Return the listing below unchanged, but without pictures.

_Data provided:_
┌──
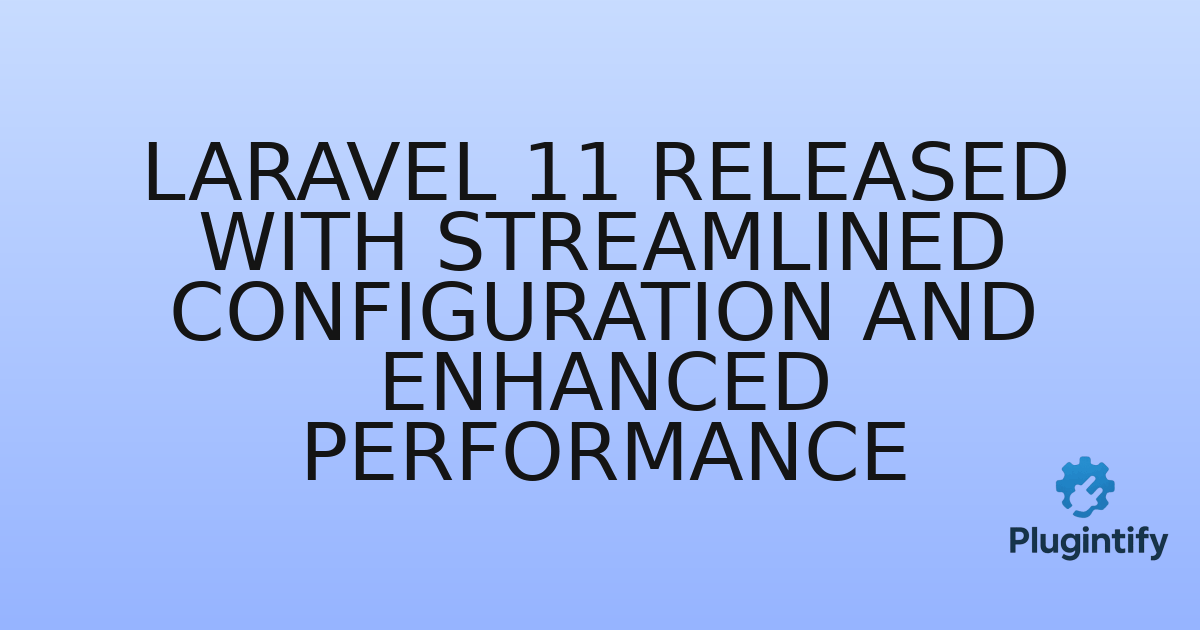 You are currently viewing Laravel 11 Released with Streamlined Configuration and Enhanced Performance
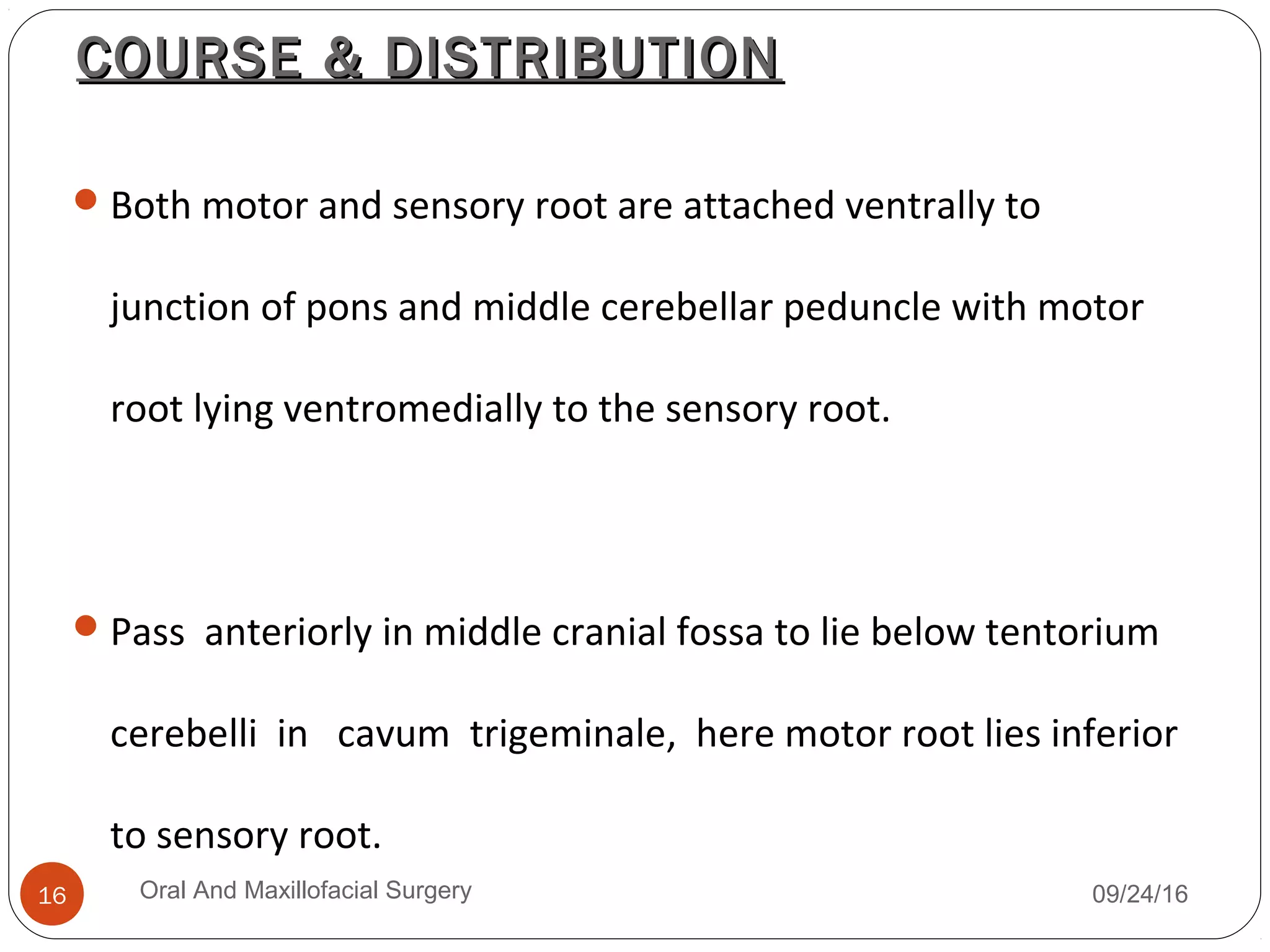 COURSE & DISTRIBUTIONCOURSE & DISTRIBUTION
Both motor and sensory root are attached ventrally to
junction of pons and middle cerebellar peduncle with motor
root lying ventromedially to the sensory root.
Pass anteriorly in middle cranial fossa to lie below tentorium
cerebelli in cavum trigeminale, here motor root lies inferior
to sensory root.
09/24/16Oral And Maxillofacial Surgery16
 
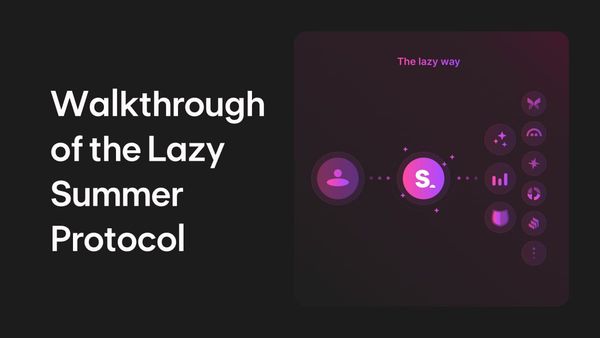 Walkthrough of the Lazy Summer Protocol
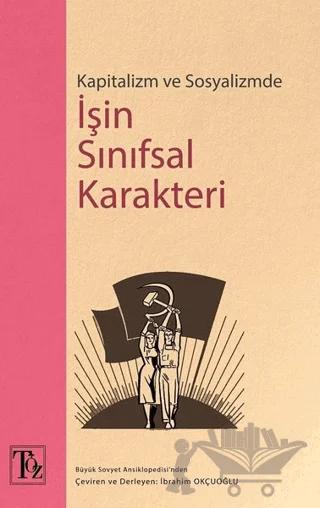 Kapitalizm ve Sosyalizmde İşin Sınıfsal Karakteri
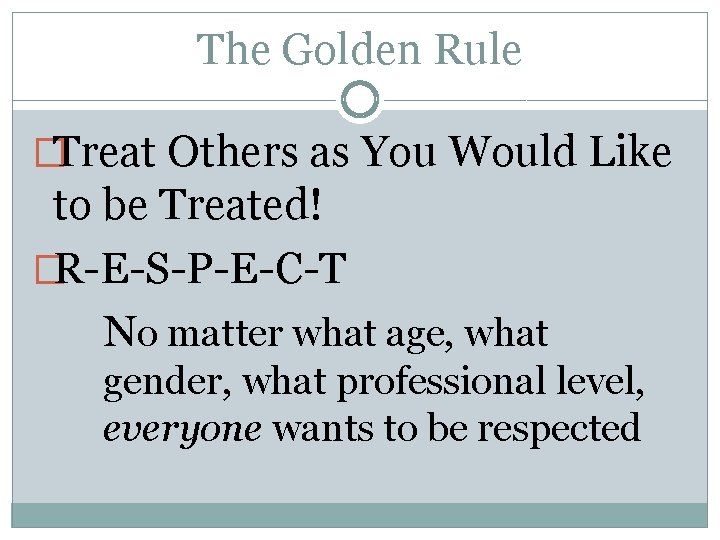 The Golden Rule �Treat Others as You Would Like to be Treated! �R-E-S-P-E-C-T No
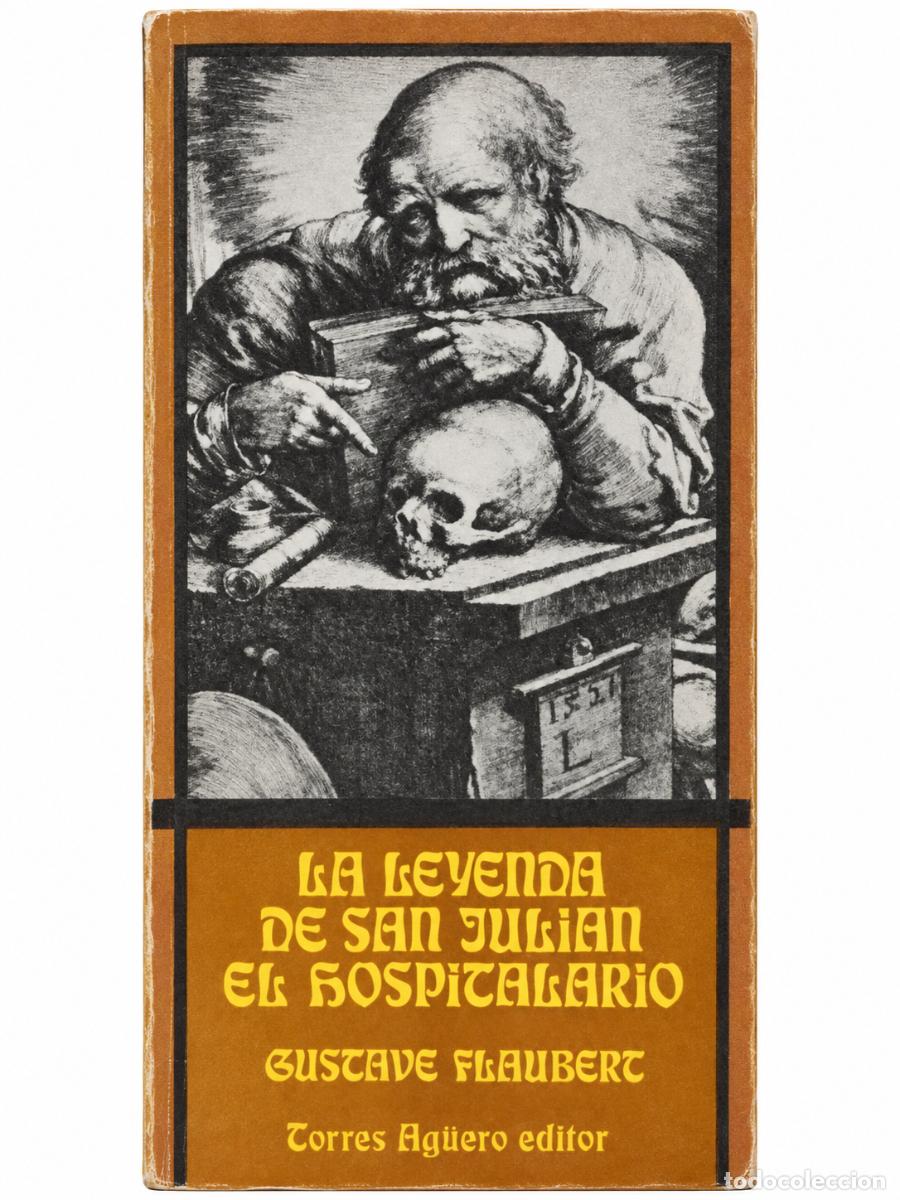 Libros de segunda mano: GUSTAVE FLAUBERT &ndash; LA LEYENDA DE SAN JULI&Aacute;N EL HOSPITALARIO &ndash; TORRES AG&Uuml;ERO EDITOR &ndash; S/F &ndash; LM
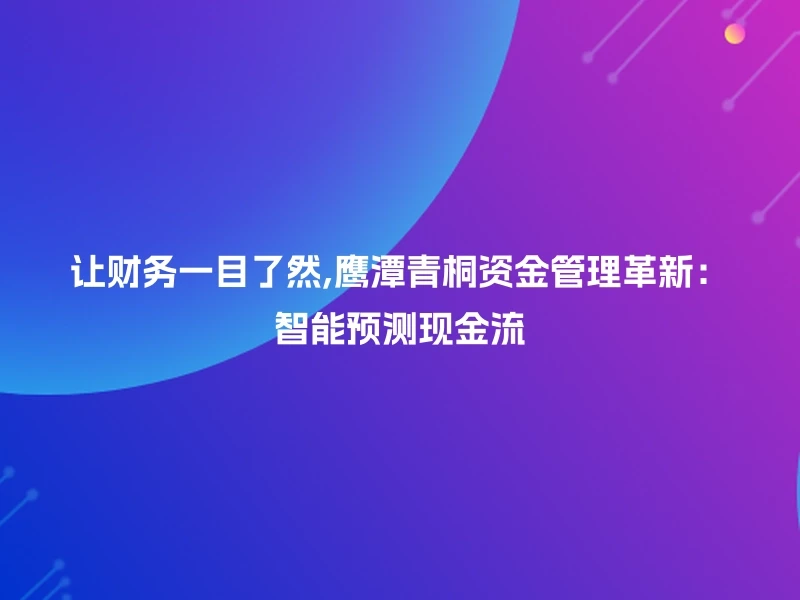 让财务一目了然,鹰潭青桐资金管理革新：智能预测现金流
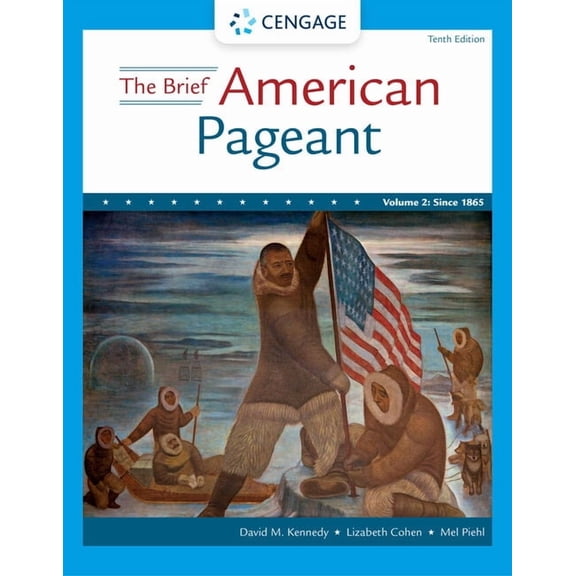 The Brief American Pageant: A History of the Republic, Volume II: Since 1865, (Paperback)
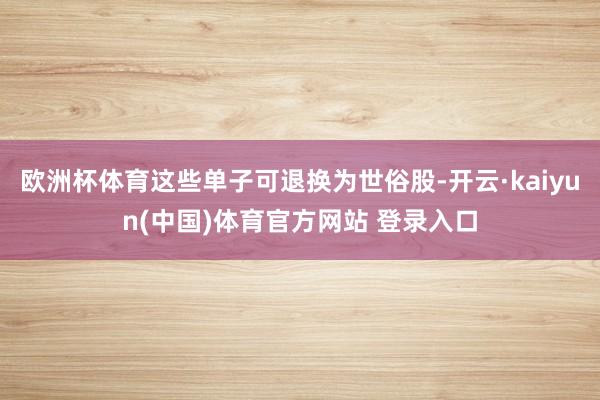 欧洲杯体育这些单子可退换为世俗股-开云·kaiyun(中国)体育官方网站 登录入口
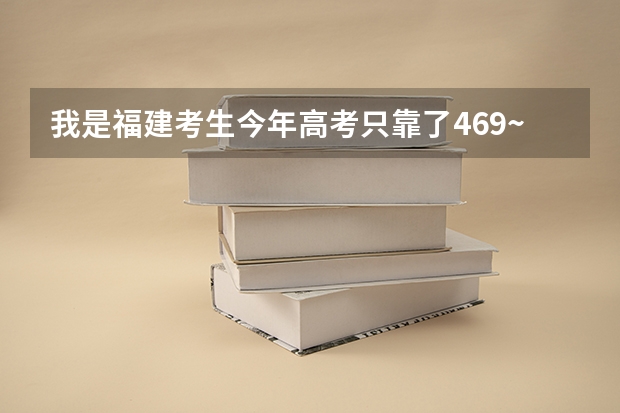 我是福建考生今年高考只靠了469~谁能帮我建议一下该去哪读呢??麻烦各位给我一点意见~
└──
_Answer to the problem:_
 You are currently viewing Laravel 11 Released with Streamlined Configuration and Enhanced Performance
 COURSE & DISTRIBUTIONCOURSE & DISTRIBUTION
Both motor and sensory root are attached ventrally to
junction of pons and middle cerebellar peduncle with motor
root lying ventromedially to the sensory root.
Pass anteriorly in middle cranial fossa to lie below tentorium
cerebelli in cavum trigeminale, here motor root lies inferior
to sensory root.
09/24/16Oral And Maxillofacial Surgery16
 
 Walkthrough of the Lazy Summer Protocol
 Kapitalizm ve Sosyalizmde İşin Sınıfsal Karakteri
 The Golden Rule �Treat Others as You Would Like to be Treated! �R-E-S-P-E-C-T No
 Libros de segunda mano: GUSTAVE FLAUBERT &ndash; LA LEYENDA DE SAN JULI&Aacute;N EL HOSPITALARIO &ndash; TORRES AG&Uuml;ERO EDITOR &ndash; S/F &ndash; LM
 让财务一目了然,鹰潭青桐资金管理革新：智能预测现金流
 The Brief American Pageant: A History of the Republic, Volume II: Since 1865, (Paperback)
 欧洲杯体育这些单子可退换为世俗股-开云·kaiyun(中国)体育官方网站 登录入口
 我是福建考生今年高考只靠了469~谁能帮我建议一下该去哪读呢??麻烦各位给我一点意见~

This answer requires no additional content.